My favorite Olympic sports are the equestrian events. These are the only Olympic events were males and female compete against other. They are the only events where you can reasonable expect have competitors over 60.
The three Olympic equestrian events are:
Horse and rider teams perform a set pattern of maneuvers emphasizing grace, athletic ability, and teamwork. They also perform a ride of their own choreography set to music.
Horse and rider jump a course of obstacles in an arena. The fastest time with the least number of rails knocked down wins. (This photo is actually from the Modern Pentathlon which includes show jumping.)
Three Day Eventing
Teams compete in dressage, a cross country jumping course, and show jumping
Want to read more about them?
“A young boy named Hans dreams of one day working with the famed stallions of Lipizza. But coming from a family of bakers, Hans is discouraged from ever becoming a rider. That is, until the day he is invited to watch the extraordinary Ballet of Lipizzaners — from the Imperial Box! — and his life is changed forever.”
I am highly skeptical of fiction about horses because so many authors just don’t get it right. But, Marguerite Henry was amazing. She wrote historical horse fiction for kids. I grew up on all her books.
“As the Russians closed in on Hitler from the east and the Allies attacked from the west, American soldiers discovered a secret Nazi effort to engineer a master race of the finest purebred horses. With the support of U.S. general George S. Patton, a passionate equestrian, the Americans planned an audacious mission to kidnap these beautiful animals and smuggle them into safe territory—assisted by a daring Austrian colonel who was both a former Olympian and a trainer of the famous Lipizzaner stallions.”

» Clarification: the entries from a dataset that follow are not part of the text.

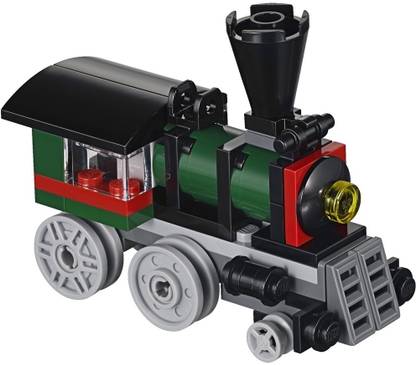 LEGO Creator Emerald Express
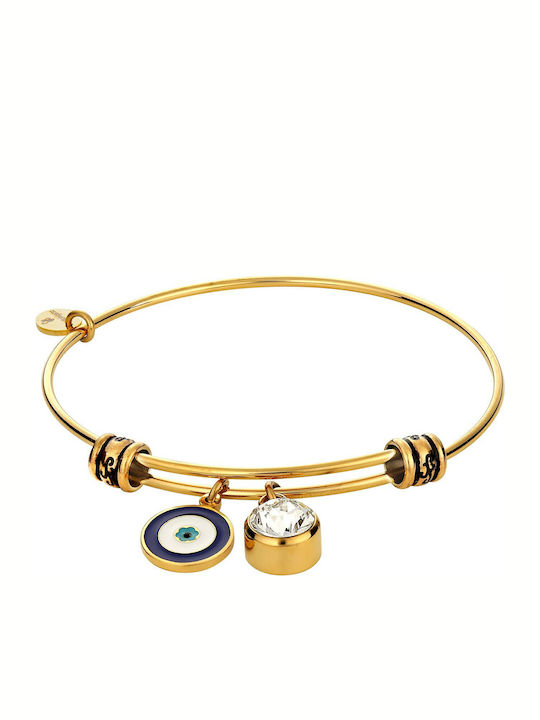 Natalie Gersa Women's Eye Bracelet Handcuffs wi...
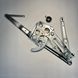 Window Regulator Electric For Isuzu Front Door Left Driver NPR NPR-HD NQR 2000-07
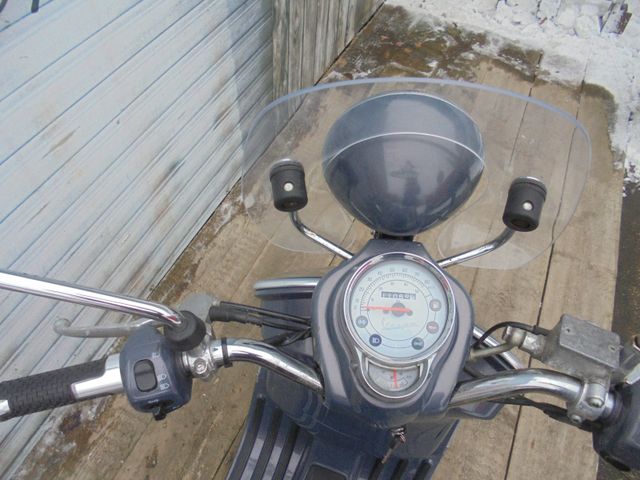 VESPA LXV 50 2 Takt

I just found out about this one and preordered it. The Lipizzans of the Spanish Riding School in Vienna are national treasures. The mares and foals live on a stud farm in the countryside. The Allies went in and rescued the horses from the Nazis. This was the subject of a Disney movie too.
“November 1958: the National Horse Show at Madison Square Garden in New York City. Into the rarefied atmosphere of wealth and tradition comes the most unlikely of horses—a drab white former plow horse named Snowman—and his rider, Harry de Leyer. They were the longest of all longshots—and their win was the stuff of legend.”
This is going to be a movie too.
“A horse lover, rider, carouser, competitor, taskmaster, dreamer, teacher, and visionary, George Morris has been ever-present on the rarified stage of the international riding elite for most of the 70 years he’s been in the saddle. He has represented our country as an athlete and a coach and, at one time or another, instructed many of our nation’s best horsemen and women. His carefully chosen, perfectly enunciated words are notoriously powerful. They can raise you up or cut you to the quick. His approval can be a rainmaker; his derision can end a career.”
Ooooh, this could be good. He’s been chef d’equipe (coach) of the U.S. international teams for a long time. He’s got all the stories.
“A thrilling look at the Olympic sport of show jumping and its superstar horse and rider pairings, including McLain Ward and Sapphire, Ian Millar and Big Ben, Beezie Madden and Authentic, and many more. Utilizing his own experience as an amateur show jumper, Papows brings together personal interviews with the biggest stars, owners, support staff, and caregivers, to give readers an inside look at the personalities behind show jumping. With a foreword by Olympic team coach George Morris, each chapter features a different internationally celebrated horse and rider and their intimate stories of success, struggle, and sacrifice.”
I got to see Millar and Big Ben compete in Canada at the height of their fame. It was absolutely magical. If you aren’t a horse person, trust me. They were HUGE. They have statues of them in Canada. Big Ben got his own stamp. How many human athletes get their own stamp?
Three Day Eventing
“Mark Todd’s eventing career is the stuff of legend and encompasses one of the greatest sporting comebacks of all time. When he ‘retired’ from competing in eventing in 2000, he had already been named ‘Rider of the Century’ for his natural empathy with a horse and his extraordinary success, which included back-to-back Olympic gold medals, five Burghley wins and three Badminton victories. The story of his progress from dairy farmer to world renowned sportsman is told with typically laid-back humor, but it reveals the fierce determination, discipline, and personal sacrifice that lies behind Todd’s calm exterior.”
You have to be flat out insane to be an eventer. Injuries, up to and including death, are common.